→ **AIM OF THE TASK**: Reproduce all of the data below without alteration; exclude every picture.

→ **SUPPLIED MATERIAL**:

══════

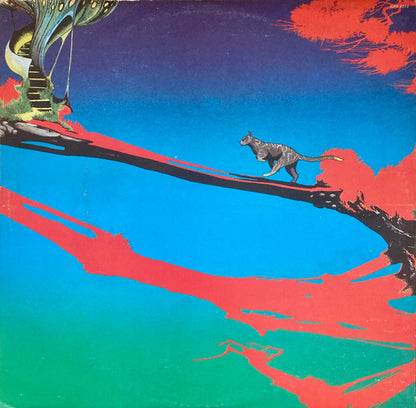 Uriah Heep : The Magician's Birthday (LP, Album, Gat)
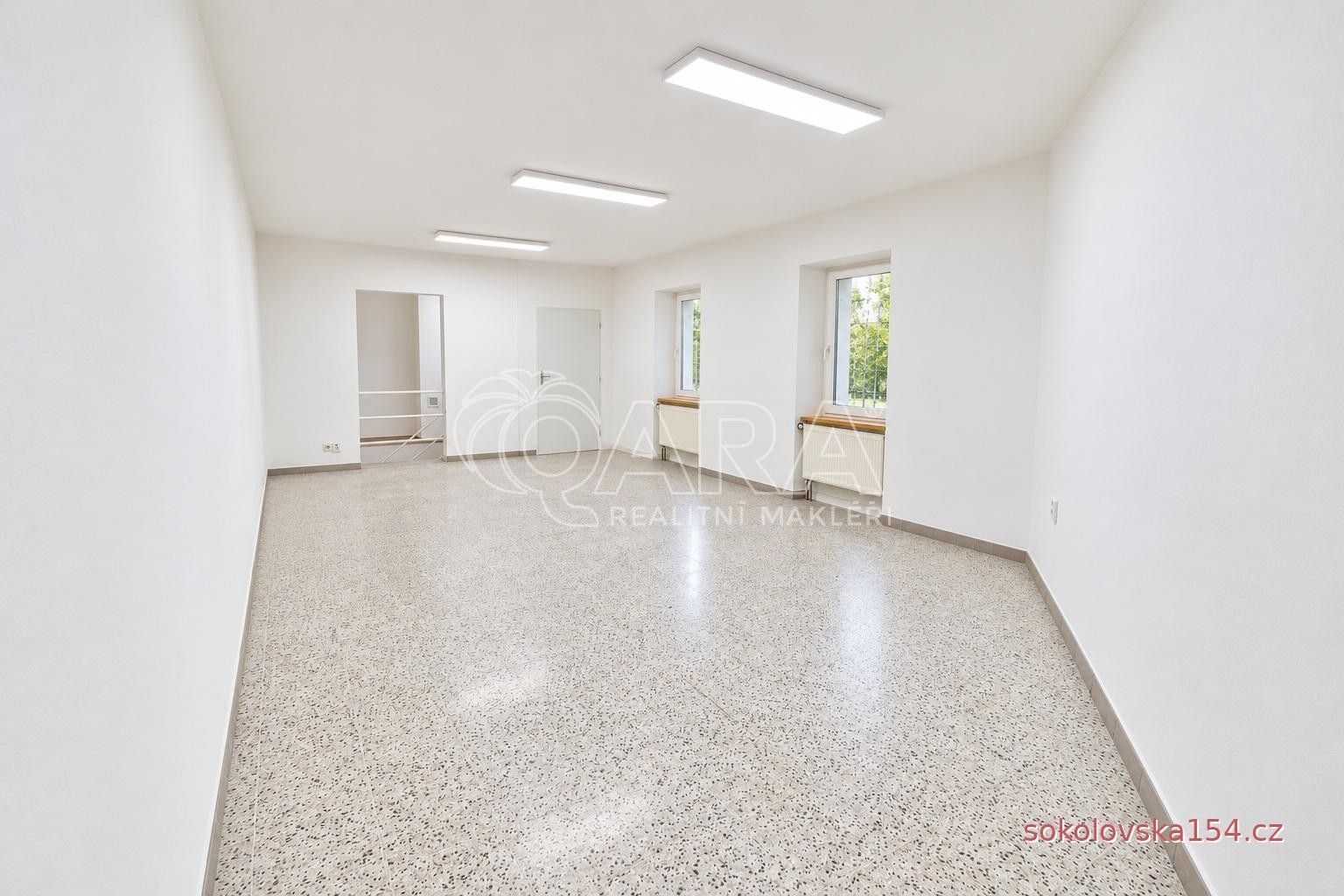 Byt 1+kk · 33 m² · Sokolovská, Praha - 3
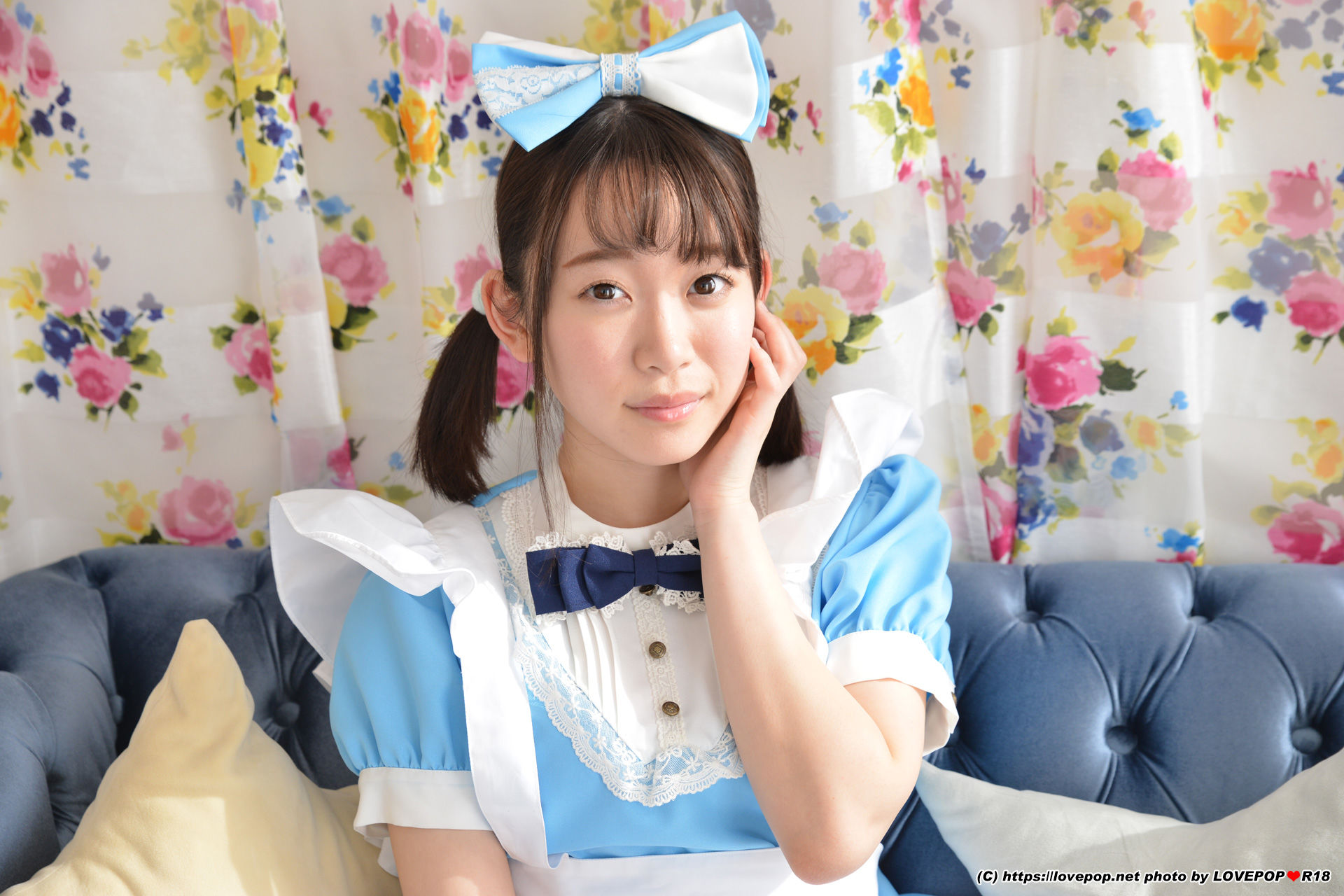 [LOVEPOP] Special Maid Collection - Yura Kano 架乃ゆら Photoset 01/(54P)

══════

→ **RESULT**:
 Uriah Heep : The Magician's Birthday (LP, Album, Gat)
 Byt 1+kk · 33 m² · Sokolovská, Praha - 3
 [LOVEPOP] Special Maid Collection - Yura Kano 架乃ゆら Photoset 01/(54P)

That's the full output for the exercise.